ARLINGTON — Exciting usually isn’t a word that best describes chemistry experiments.
But a group of Arlington High School students have done their best to change that.
About 40 high-schoolers enrolled in Deanna Vaughan’s advanced placement chemistry courses recently combined their efforts to teach fifth-graders at Eagle Creek and Presidents elementary schools about the physical and chemical changes of elements.
Using a combination of dry ice, boiling water, balloons and other objects, the older students’ presentations culminated in experiments so loud that the city fire department and neighbors were tipped off in advance.
“We came in here to boost their knowledge and give them an idea of what high school chemistry is all about,” said AHS junior Jake Hughes.
Students from the high school held their first chemistry class at Eagle Creek on Friday, May 21. City and school officials, as well as the media and neighbors, were told that there would be a loud noise coming from the school.

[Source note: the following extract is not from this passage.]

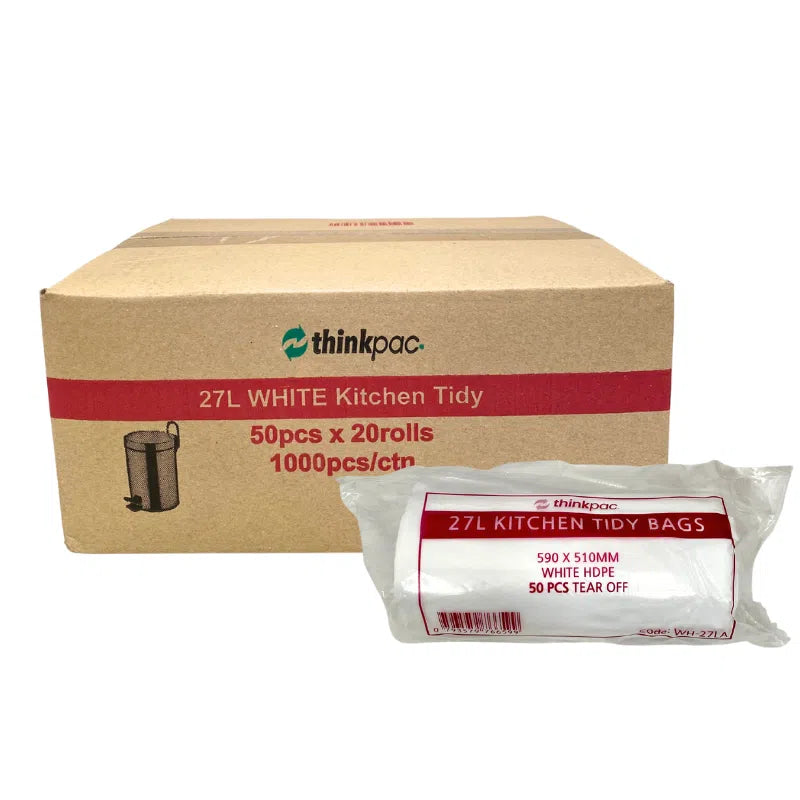 27L White Garbage Bag Roll Pack - Ctn 1000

That noise was the sound of a burning Popsicle stick igniting with a helium-filled balloon in the play field outside of the school.
On Wednesday, May 26, the high school students treated Presidents Elementary fifth-graders to the same experiment in the school’s covered play area due to rainy weather.
“In here, the boom was a lot louder,” said junior Melissa Webb.
While the explosion was arguably the most memorable experiment conducted by the students, the high-schoolers broke up and gave individual classes of younger students an hour-long rundown on physical and chemical changes of elements beforehand.
In fifth-grade teacher Danielle Osting’s classroom, about 10 AHS students began their education portion of the day with a brief explanation of atoms, elements and their role in chemical and physical changes.
High school juniors Lindsey Bullene and Erica Manzano dropped dry ice into various liquids and children watched as those liquids began to change colors.
“We’re creating an acid — that’s why it turns colors,” Manzano said.
Later, hydrogen peroxide was combined with a solution of soap and dropped into a hollowed-out watermelon to demonstrate decomposition.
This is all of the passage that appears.